The researchers say they were surprised by these findings. Yet, this fits the longer-term patterns in American life: when they are able to, whites tend to move away from blacks. While we may not be in the era of racial covenants, restricted deeds, and redlining (early 1900s) or blockbusting and white flight (post-World War II), whites still express their preference to live in mostly white neighborhoods rather than live with blacks.
It would be worthwhile to then track these neighborhoods that have experienced significant racial change just before and after the housing bubble. What happens in the long-term? Once whites leave, do the neighborhoods (often suburbs) become majority black or do they also offer space for other non-whites?

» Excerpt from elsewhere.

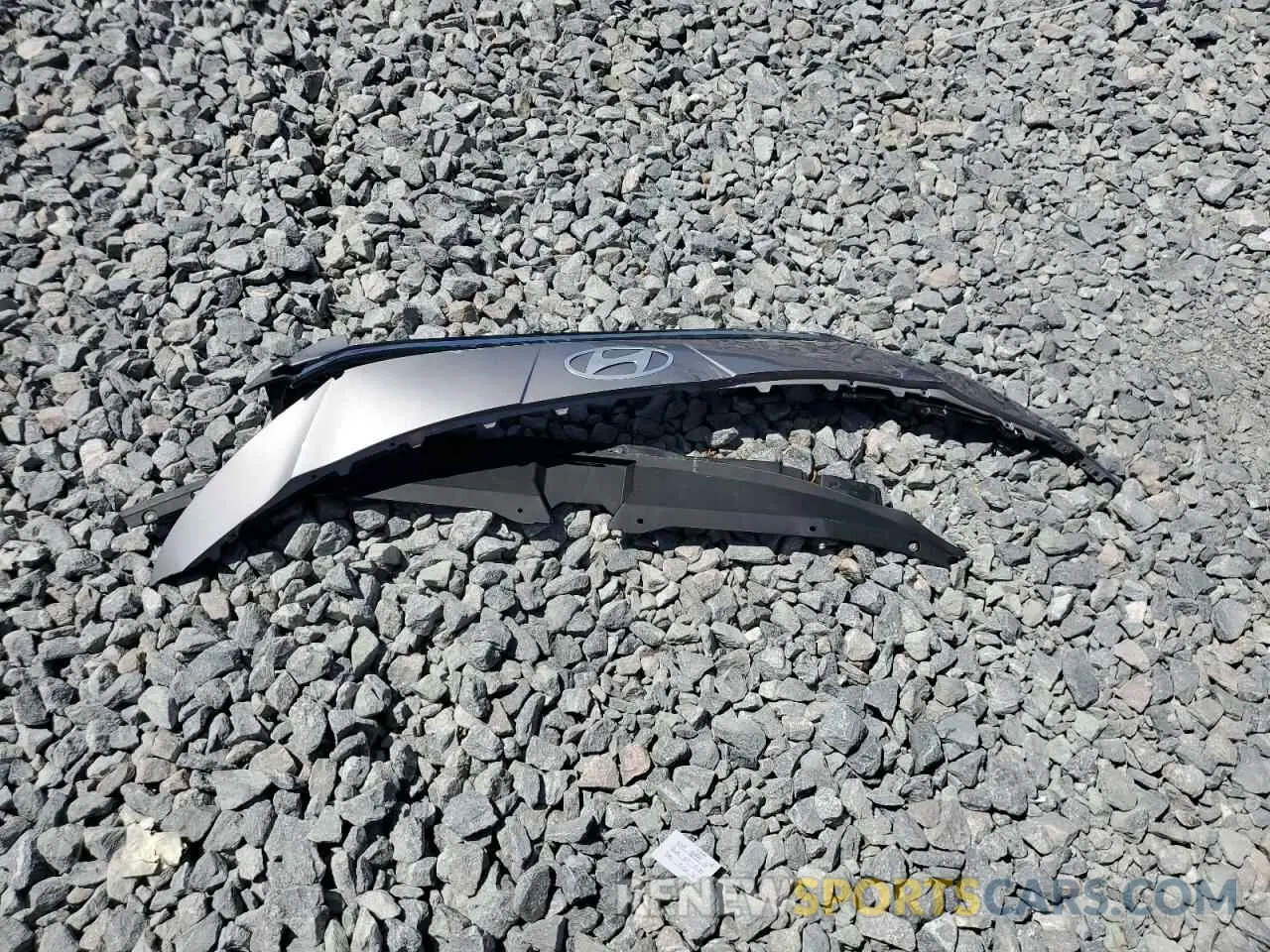12 Photograph of a damaged car KMHLS4DG9SU943131 HYUNDAI ELANTRA 2025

And do those attractive amenities blacks sought continue to exist, thrive, or decline over time?
A new study suggests fewer rural Americans have local banks who they can interact with and borrow from:
Increasingly, bank branches are headquartered in distant urban areas – and in some cases, financial “deserts” exist in towns with few or no traditional financial institutions such as banks and credit unions. That means that local lending to individuals based on “relational” banking—with lenders being aware of borrowers’ reputation, credit history and trustworthiness in the community—has dropped, according to a Baylor study published in the journals Rural Sociology and International Innovation.
Instead, more individuals launching small businesses are relying on relatives, remortgaging their homes and even drawing from their pensions—all of which are risky approaches, said lead researcher Charles M. Tolbert, Ph.D., professor and chair of the department of sociology in Baylor’s College of Arts & Sciences.

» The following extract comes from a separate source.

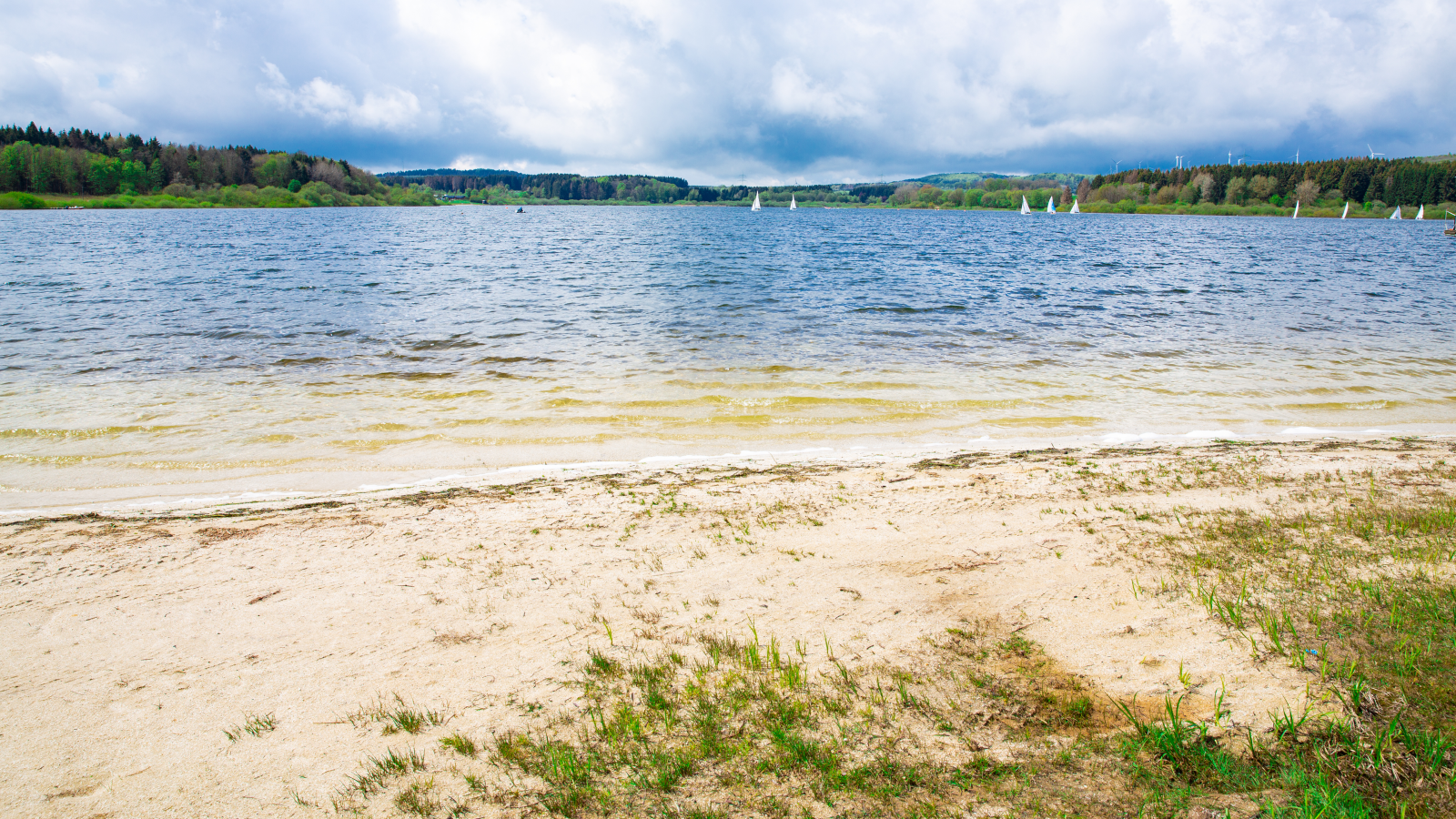 Hessen ve Rheinland-Pfalz, Almanya'daki Krombachtalsperre'de manzaralı göl, © shutterstock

But for the 30 percent who obtain loans through the traditional lending method, that approach also can be very challenging, according to the research article, “Restructuring of the Financial Industry: The Disappearance of Locally Owned Traditional Financial Services in Rural America.”
Federal Deposit Insurance Corporation statistics showed that from 1984 to 2011, the number of banking firms in the United States fell by more than 50 percent—to just under 6,300—while the number of branches almost doubled, to more than 83,000, according to researchers’ analysis of data from the FDIC’s national business register. For the study, Baylor researchers partnered with the U.S. Census Bureau Center for Economic Studies.

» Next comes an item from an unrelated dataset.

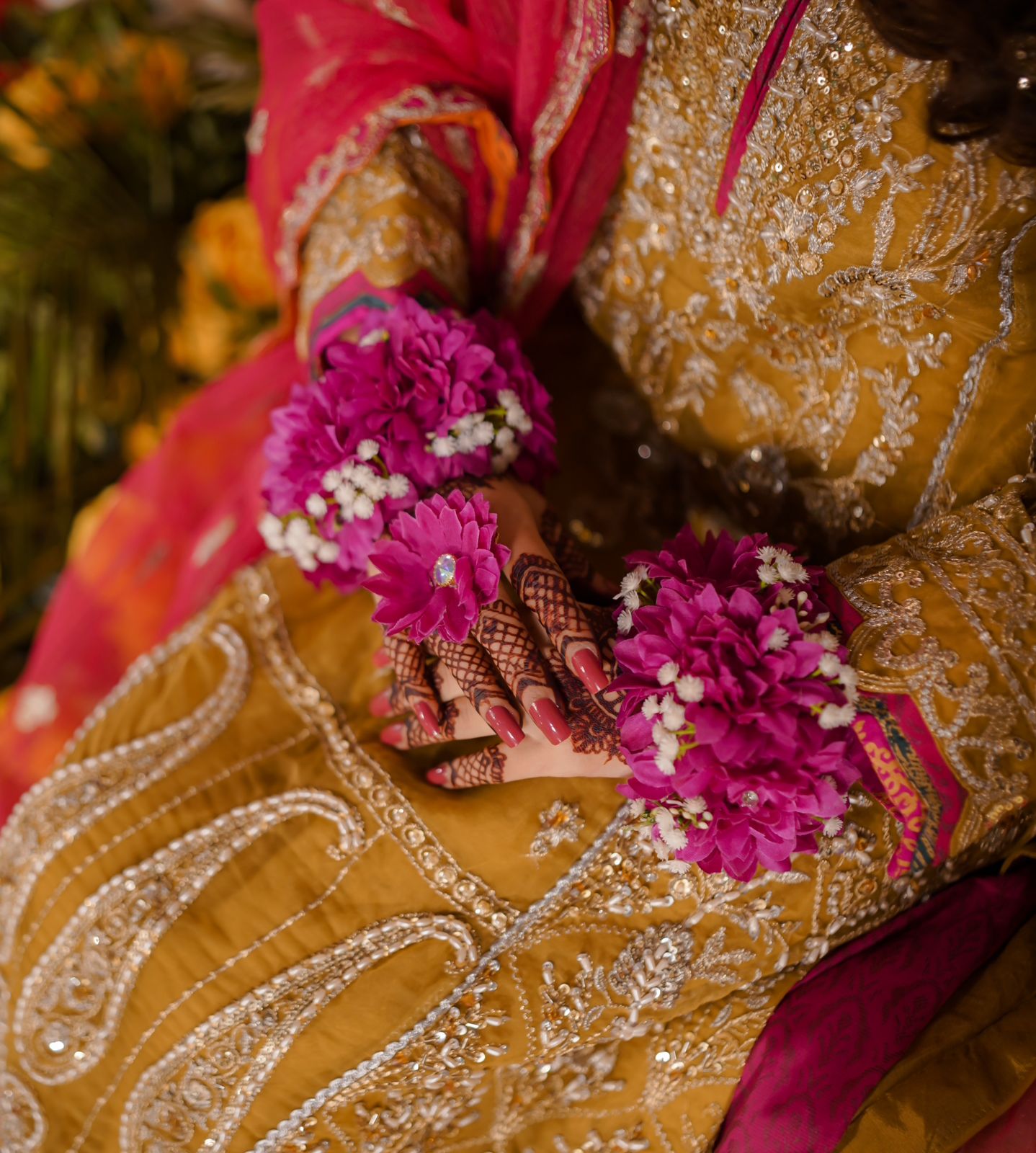 Magenta Floral Gajray with Pearl Ring – Bridal Mehndi Set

I’m sure financial institutions would argue it is not as profitable to locate in more rural areas that do not generate as much business as denser areas. It would be interesting to look at the exact figures from financial institutions in rural areas: are they not profitable at all or are they just less profitable?
However, how essential are financial institutions to local economies? The same argument might be made about hospitals: they provide essential services even as they are not as profitable in rural areas. (I would guess people would probably rate health care as more important than credit access but both are important for communities.)
The article hints at another aspect of this change: fewer banks in rural areas means fewer relationships between lenders and residents. While forming relationships may take time, couldn’t they be better for business in the long run? Prioritizing efficiency and profits over people may be good for the bottom line and shareholders but it is the sort of approach that seems to have turned off a good number of Americans to large banks.